**ACTIVITY:**
Repeat only the lines below that run from the line with "UFFICIO FORMAZIONE REGGIO" to the line with "The MoeGamer Podcast: Episode", ends included; skip every picture.

**DATASET EXCERPTS:**
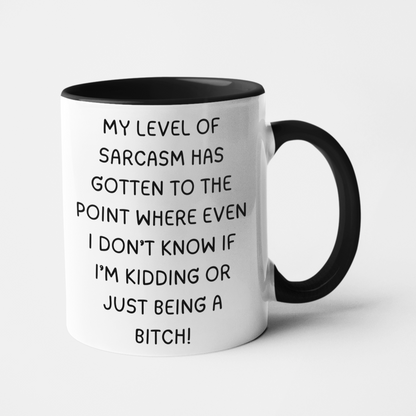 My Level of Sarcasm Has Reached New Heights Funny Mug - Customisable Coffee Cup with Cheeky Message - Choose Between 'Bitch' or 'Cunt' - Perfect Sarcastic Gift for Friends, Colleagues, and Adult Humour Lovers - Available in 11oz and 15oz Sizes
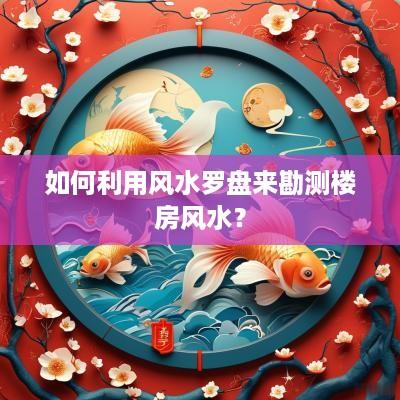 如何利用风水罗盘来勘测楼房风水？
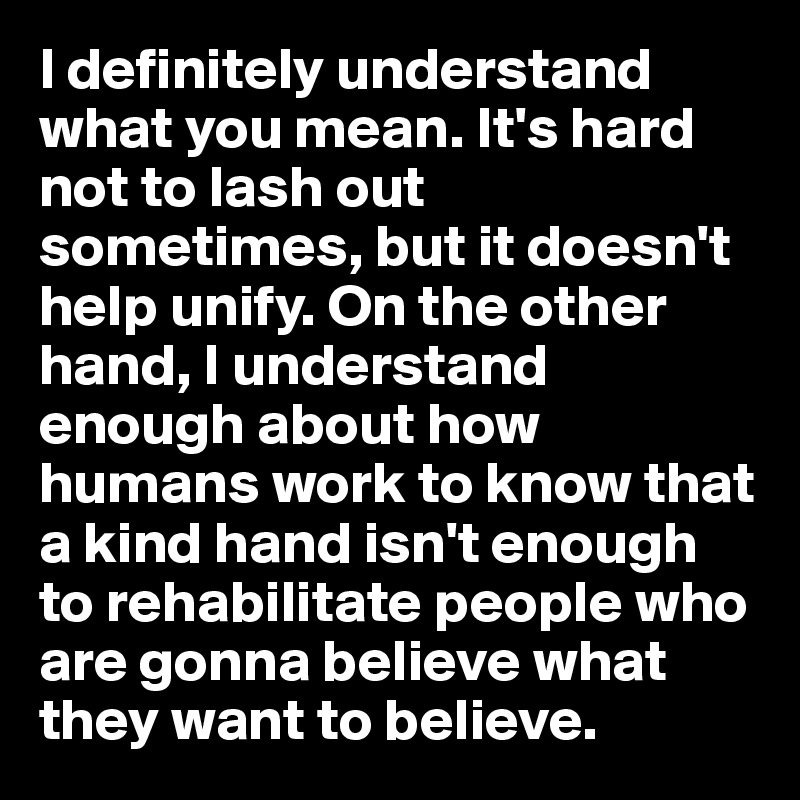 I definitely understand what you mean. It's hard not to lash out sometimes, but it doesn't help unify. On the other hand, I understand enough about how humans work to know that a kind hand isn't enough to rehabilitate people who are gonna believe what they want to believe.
--
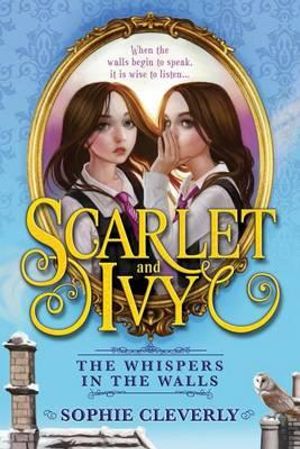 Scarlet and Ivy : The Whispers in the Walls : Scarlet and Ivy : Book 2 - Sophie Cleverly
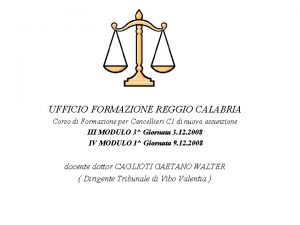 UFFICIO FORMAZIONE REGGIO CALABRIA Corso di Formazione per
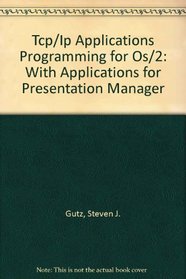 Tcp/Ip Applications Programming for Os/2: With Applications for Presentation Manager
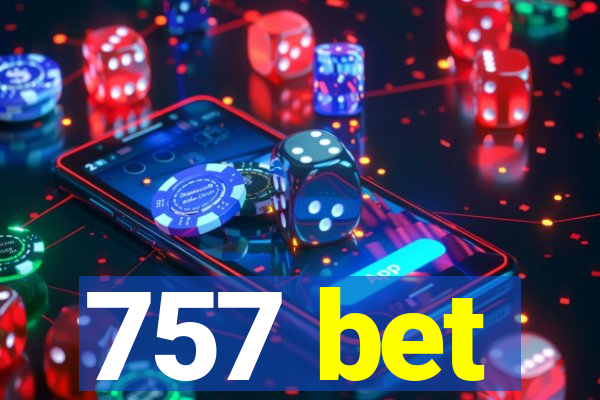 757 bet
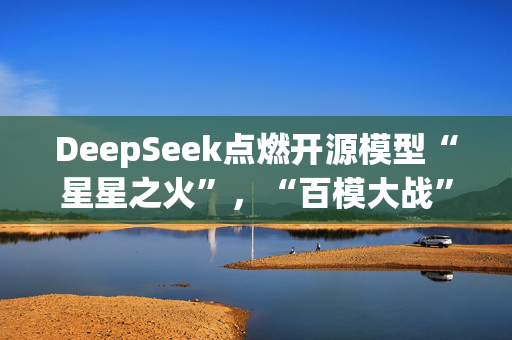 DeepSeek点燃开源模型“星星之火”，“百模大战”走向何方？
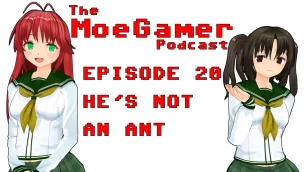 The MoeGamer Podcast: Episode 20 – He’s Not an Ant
* * *
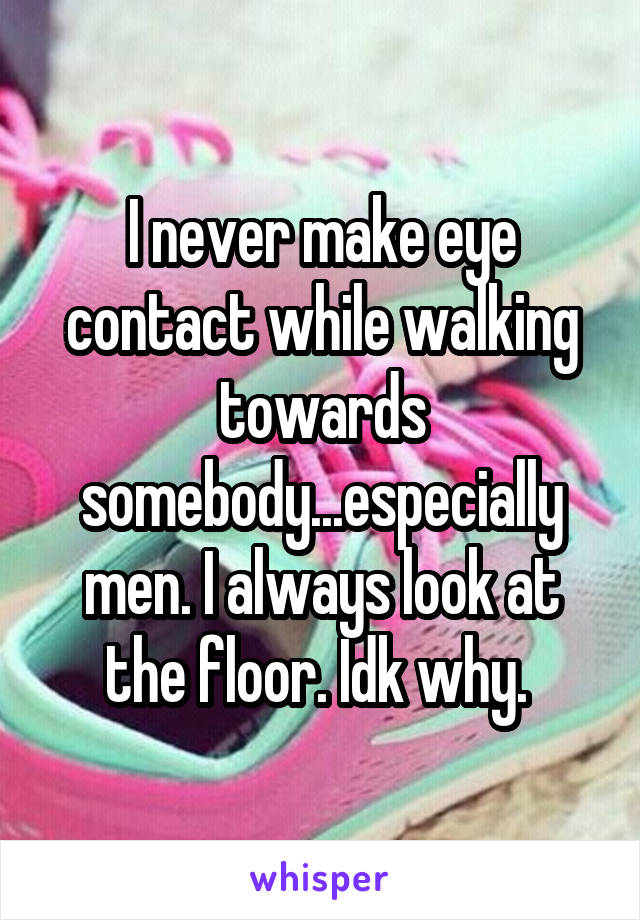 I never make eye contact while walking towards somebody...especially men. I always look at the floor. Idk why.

**RESPONSE FOR THIS EXERCISE:**
 UFFICIO FORMAZIONE REGGIO CALABRIA Corso di Formazione per
 Tcp/Ip Applications Programming for Os/2: With Applications for Presentation Manager
 757 bet
 DeepSeek点燃开源模型“星星之火”，“百模大战”走向何方？
 The MoeGamer Podcast: Episode 20 – He’s Not an Ant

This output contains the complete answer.